XV. E per non si vituperare affatto, giocando ancora nel teatro pubblico, trovò la nuova festa detta Giovanile, ove si scrisse gran numero. Esser nobile, vecchio, aver avuto magistrato, non frenava alcuno dall’usare l’arte delli strioni greci o latini; insino agli atteggiamenti, e gesti non da uomo, anzi le gentildonne ancora studiavano in laidezze; e nella selva che Augusto piantò intorno al lago navale, fece rizzar camere e taverne, e vendere ricette da lussuria. Davansi per cotal festa danari, de’ quali i buoni si servivano per forza, i dissoluti per gloria; onde crebbero le sceleratezze e l’infamia: nè mai fur costumi corrotti quanto in quella canaglia. Appena con l’arti oneste, non che gareggiando ne’ vizj, si mantien pudicizia, modestia, o arte buona. Egli all’ultimo venuto in sul palco, con grande studio la lira accordava e la voce a lume di torchi, presenti ancora una banda di soldati Centurioni e Tribuni, e Burro, che di ciò dolente, pur lo lodava. Creossi all’ora un numero di cavalieri romani detti augustani. Questi giovani, disposti e forti, chi v’entrò per bizzarria di cervello, chi sperando avanzarsi con applaudere dì e notte alla bellezza e boce del principe con titoli divini; erano grandi, e onorati quasi per gran virtù.
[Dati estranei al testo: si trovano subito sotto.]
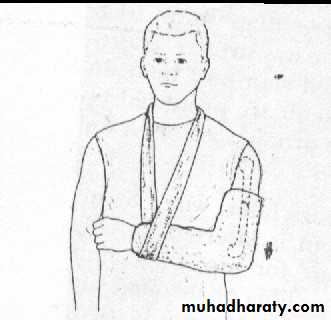 PRINCIPLE OF FRACTURES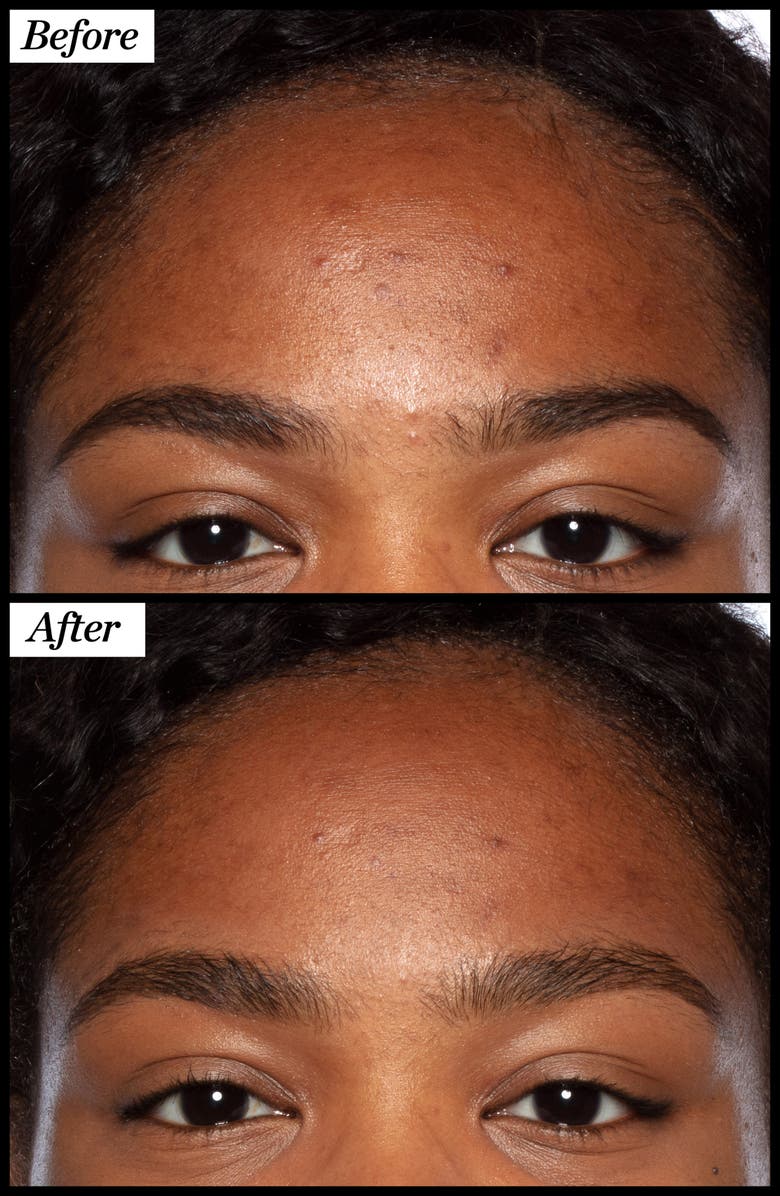 Sunday Riley Good Genes Home & Away Set $184 Value, Alternate, color,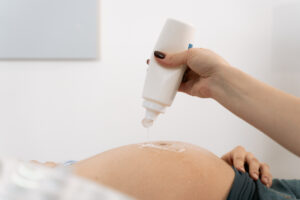 ginecologa che applica gel su donna incinta per ecografia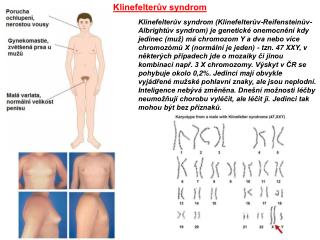 Klinefelterův syndrom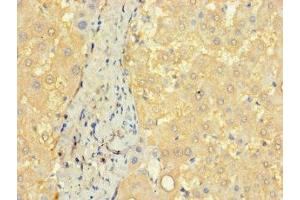 Immunohistochemistry of paraffin-embedded human liver tissue using ABIN7148140 at dilution of 1:100 (CCDC68 antibody  (AA 131-335))
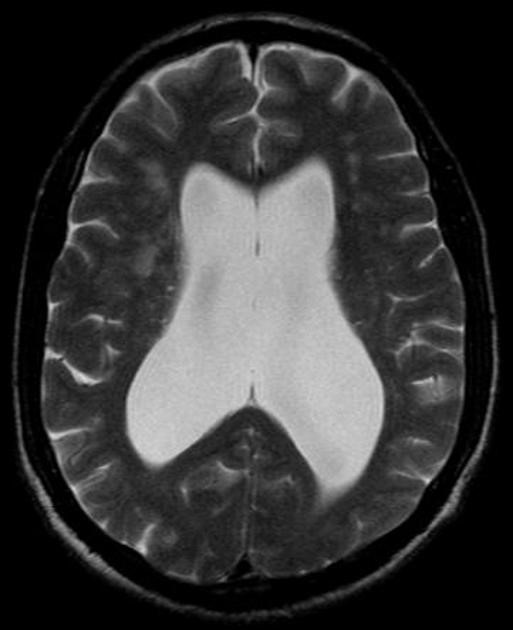 МРТ головы пациента с НТГ: обращает на себя внимание выраженная вентрикуломегалия при отсутствии значимой атрофии вещества головного мозга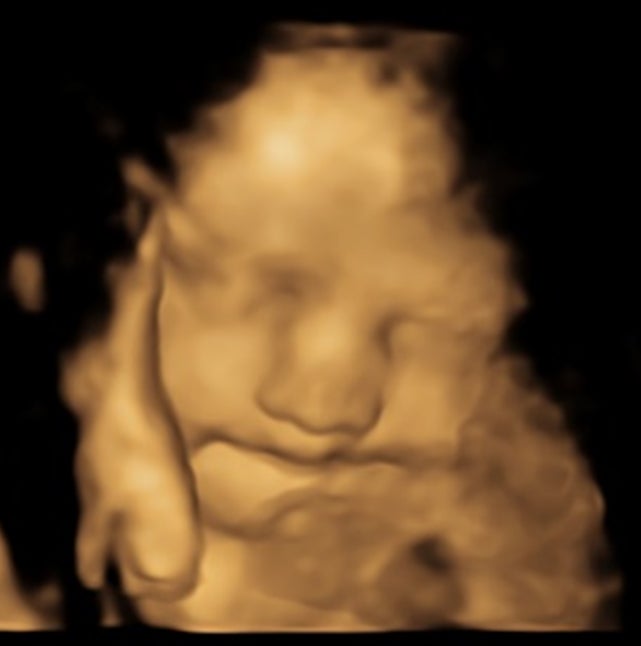 The facial reactions of the foetus whose mother took kale capsules during pregnancy as part of a controlled experiment, scanned using ultrasound at weeks 32 gestation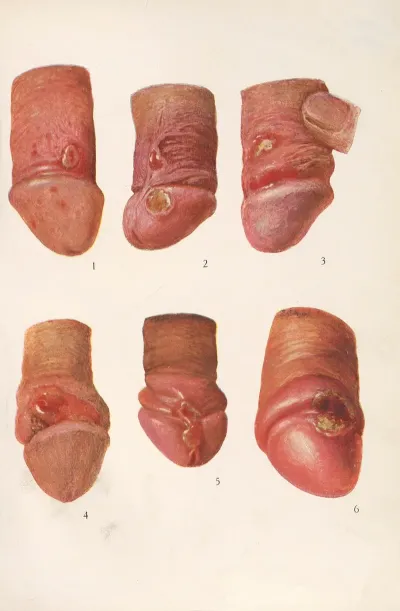 Venereal Diseases Syphilis Pl 01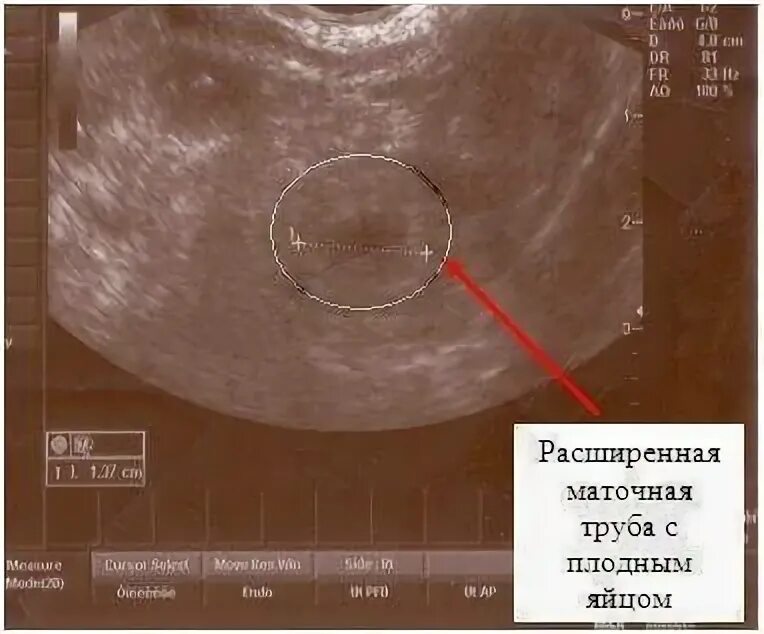 Маточная беременность на УЗИ на раннем сроке. Внематочная Трубная беременность УЗИ. УЗИ на 4 неделе внематочная бер. УЗИ матки на первых неделях беременности. На узи видно месячные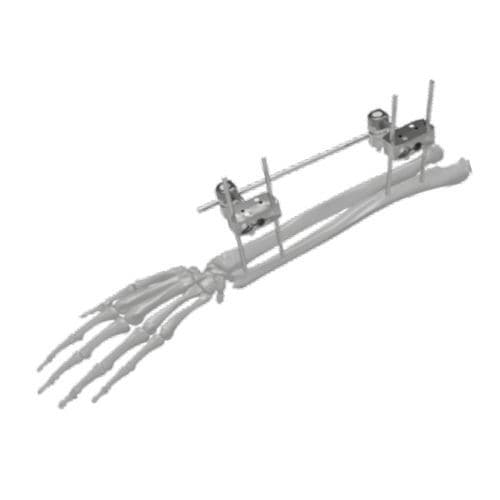 Fixador externo para cúbito - 206302 - SOFEMED International - para rádio / tubular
XVI. Per non parere questo Imperadore solamente strione, si diede ancora a far versi. Ragunava poetuzzi novellini; metteva loro innanzi, e faceva levare e porre, e rabberciare i versi suoi; e ben si paiono allo stile stentato, rotto e non di vena, nè d’un solo. Udiva ancora filosofi dopo mangiare, che scoprivano loro discordie bisticciandosi: nè mancava chi fra i passatempi del principe desiderasse esser veduto con volto e voce severa.